Within the past three years, there has been a new oral GnRH receptor antagonist approved for treating endometriosis. The medication is available as a once a day or twice a day dosing regimen. As this is a GnRH antagonist, upon binding to the GnRH receptor, it blocks receptor activity, thus avoiding the flare affect; essentially, within 24 hours, there is a decrease in estradiol production.
As two doses are available, you can tailor how much you dial down estrogen for a given patient. The low dose lowers estradiol to a range of 40 picograms while the high (twice a day) dosing lowers your estrogen to about 6 picograms. Also, although it was not studied originally in terms of giving add-back therapy for the higher dose, given the safety (and effectiveness) of add-back therapy with GnRH agonists we are using the same norethindrone add-back therapy for women who are taking the GnRH receptor antagonist.
The next question is, how do we decide which medication a given patient receives?
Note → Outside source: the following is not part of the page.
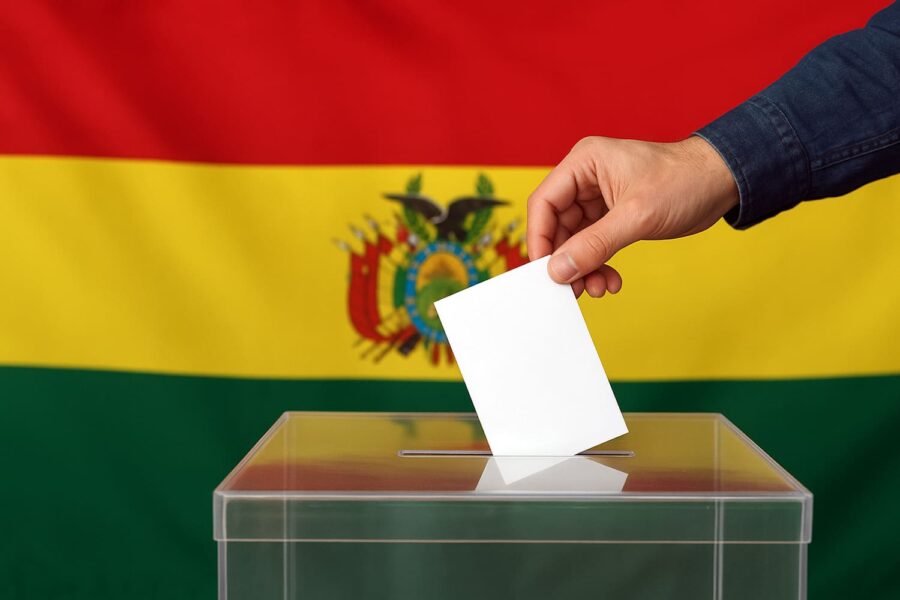 una mano introduce una papeleta en una urna electoral con la bandera de Bolivia en el fondo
To answer that, I will tell you a bit about my precision-based medicine research. As mentioned before, while progestin-based therapy is first-line, failure rates are high, and unfortunately, we previously have not been able to identify who will or will not respond to first-line therapy. As such, I decided to assess progesterone receptor expression in endometriotic lesions from women who had undergone surgery for endometriosis, and determine whether progesterone receptor expression levels in lesions could be used to predict response to progestin-based therapy. I found that in women that had high levels of the progesterone receptor, they responded completely to progestin-based therapy-- there was a 100% response rate to progestin-based therapy. This is in sharp contrast to women who had low PR expression, where there was only a 6% response rate to progestin-based therapy.
While this is great with respect to being able to predict who will or will not respond to first line therapy, the one limitation is that would mean that women have to undergo surgery in order to determine progesterone receptor status/response to progestin-based therapy. However, given that within two to five years following surgery, up to 50% of women will have recurrence of pain symptoms, where I see my test coming into play is postoperatively. This is because many times , women who had pain, or who were failing a given agent, are placed back on that same medical therapy they were failing after surgery. Usually that was a progestin. Therefore, instead of putting them on that same therapy that they were failing, we can use my test to place them on an alternative therapy (such as a GnRH analogue) that more specifically targets estradiol production.
In terms of future directions with respect to treatment, there is a microRNA that has been found to be low in women with endometriosis—miRNALet-7b. In a murine model of endometriosis, we have found that if we supplement with Let-7, there is decreased inflammation and decreased lesion size of endometriosis. We have also found that supplementing miRNA Let-7b in human endometriotic lesions results in decreased inflammation in cell culture.
That would be future directions in terms of focusing on microRNAs and seeing how we can manipulate those to essentially block inflammation and lesion growth. Furthermore, such treatment would be non-hormonal, which would be a novel therapeutic approach.